*** DATA EXTRACT Section Begins ***
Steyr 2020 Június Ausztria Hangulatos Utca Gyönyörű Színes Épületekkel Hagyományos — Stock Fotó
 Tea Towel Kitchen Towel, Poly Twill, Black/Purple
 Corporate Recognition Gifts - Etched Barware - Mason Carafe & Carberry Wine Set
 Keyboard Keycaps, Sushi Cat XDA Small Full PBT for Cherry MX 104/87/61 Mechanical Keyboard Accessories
*** DATA EXTRACT Section Ends ***
WHAT NEEDS TO BE DONE: Return an exact copy of the listing above, complete in every line.

SOLUTION TO THIS PROBLEM:
Steyr 2020 Június Ausztria Hangulatos Utca Gyönyörű Színes Épületekkel Hagyományos — Stock Fotó
 Tea Towel Kitchen Towel, Poly Twill, Black/Purple
 Corporate Recognition Gifts - Etched Barware - Mason Carafe & Carberry Wine Set
 Keyboard Keycaps, Sushi Cat XDA Small Full PBT for Cherry MX 104/87/61 Mechanical Keyboard Accessories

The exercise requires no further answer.